Wisma ELM, HELP University – The Centre for Development Studies, 25 May – At a recent lunchtime seminar, visiting guest speaker, Timothy Gorman, shared his findings on the cumulative impact of climate change affecting the Mekong Delta in Vietnam. Having spent two years conducting fieldwork in Vietnam, Mr. Gorman spoke about how popular Vietnamese folk culture tends to romanticise the delta as an idyllic pastoral landscape whereas for Americans, particularly of his parents’ generation, the delta evokes memories of the war and of Viet Cong guerrillas. He then proceeded to talk about the agricultural importance of the Mekong Delta by explaining to the audience about why the Mekong Delta is the essential rice bowl of Vietnam as well as countries like Cambodia and Laos.
However, there are current environment issues and climate change plaguing the delta today that could severely hamper rice production in the Mekong Delta. Mr. Gorman said that issues such as drought and increased saltwater in the banks of the delta has begun to threaten the rice crops production cycle. He pointed out that one of the ongoing cause of these issues are due to the building of dams in China, Cambodia and Laos, which has severely cut of the natural flow of fresh water into Mekong. Without the input of fresh water, explained Mr. Gorman, the rise of salt or saline water is slowly effecting the production quality of rice crops.
Mr. Gorman explained how the government has started implementing their own Infrastructure-Based Adaptation initiative by installing dykes to help regulate the water levels in the delta itself. These dykes can be found along the coast of the Mekong Delta whereas the government has taken to building canals to help regulate the flow of fresh water better. These adaptive initiatives programmes, said Mr. Gorman, are meant to help maintain the self-sufficiency policy subsidies of the region. Not only does the government provide subsidies to rice farmers but they will also receive monetary returns.

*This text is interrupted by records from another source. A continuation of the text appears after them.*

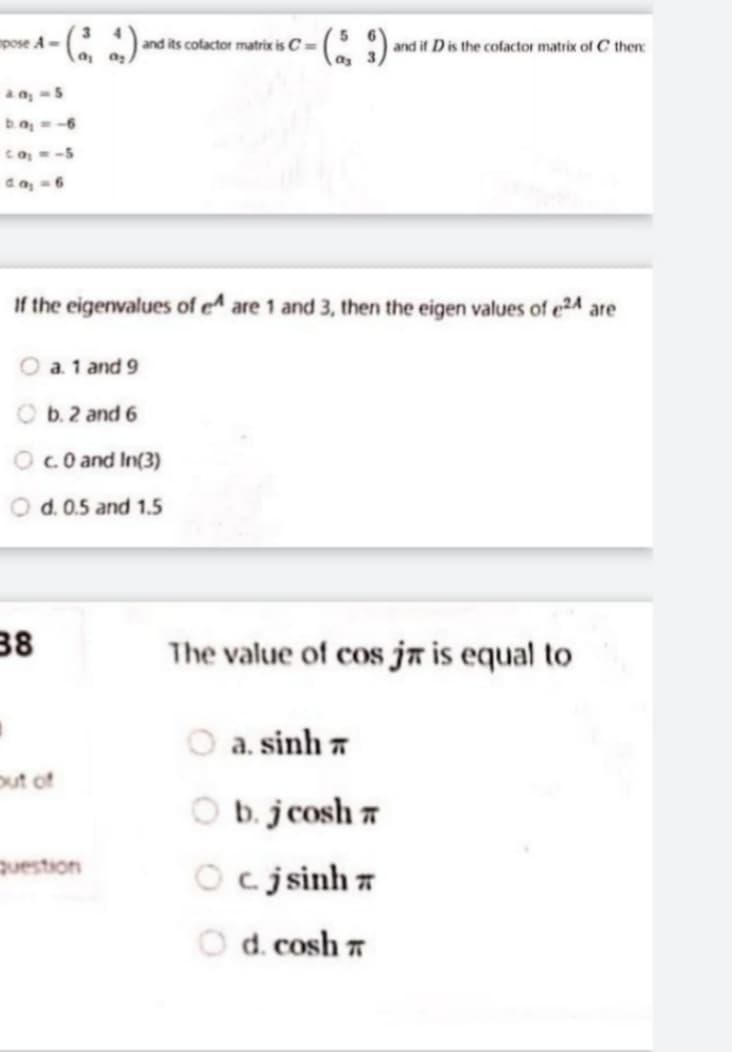 mpose A-
and its cofactor matrix is C=
and if Dis the cofactor matrix of C then:
()-
aa, -5
ba,-6
co--5
da, -6
If the eigenwalues of e^ are 1 and 3, then the eigen values of e24 are
a. 1 and 9
b. 2 and 6
Oc.0 and In(3)
O d. 0.5 and 1.5
38
The value of cos ja is equal to
a. sinh 7
out of
O b. jcosh 7
question
Oc jsinh 7
O d. cosh 7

However, these rice plantation have been restrictive to just agriculture practises and due to the prevailing climate and even political changes in the country has caused Vietnam to shift its focus from agriculture to aquaculture, namely the farming of tiger and white-leg shrimp. Mr Gorman stated that since aquaculture was introduced in the Mekong Delta, the government is now debating whether or not to cut the rice production or continue to support the shrimp farming industry.